Top 5 Myths about Filing for Bankruptcy
Sadly, there is more misinformation available to consumers on why not to file for bankruptcy that the benefits of this powerful debt resolution tool. Read more about the 5 Top Myths about filing for bankruptcy protection in Michigan.
Myth #1 Filing for bankruptcy will ruin my credit.
This is probably the biggest myth and misperception about the various bankruptcy options. Receiving debt relief through either Chapter 7 debt elimination or through filing Chapter 13 debt consolidation will help positively influence 65% of your credit score component (recent payment history and debt-to-income ratio). The majority of our clients see an increase in their credit score within the first year of their discharge because they have fixed the issues that were dragging down their credit score – mainly late or missed payments and overwhelming debt relative to ability to pay.
Myth #2 I am married so my spouse will be forced to file bankruptcy too.
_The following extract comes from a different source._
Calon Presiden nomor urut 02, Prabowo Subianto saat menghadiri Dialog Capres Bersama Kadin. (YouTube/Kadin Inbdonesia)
Both spouses are not required to file bankruptcy. In some cases it makes sense for couples to file jointly and in some cases the financial issue can be resolved with just one person filing. We help our clients make this determination at the initial free consultation. The main factor for Chapter 7 bankruptcy is whether the debts are held jointly or just mainly in one spouse’s name. For Chapter 13 reorganization, we look at joint debt in addition to what asset(s) we are trying to protect. For instance in the case of a home foreclosure, only one spouse who is on the mortgage needs to file to stop a foreclosure sale and get court protection.
Myth #3 If I file bankruptcy, I will lose everything.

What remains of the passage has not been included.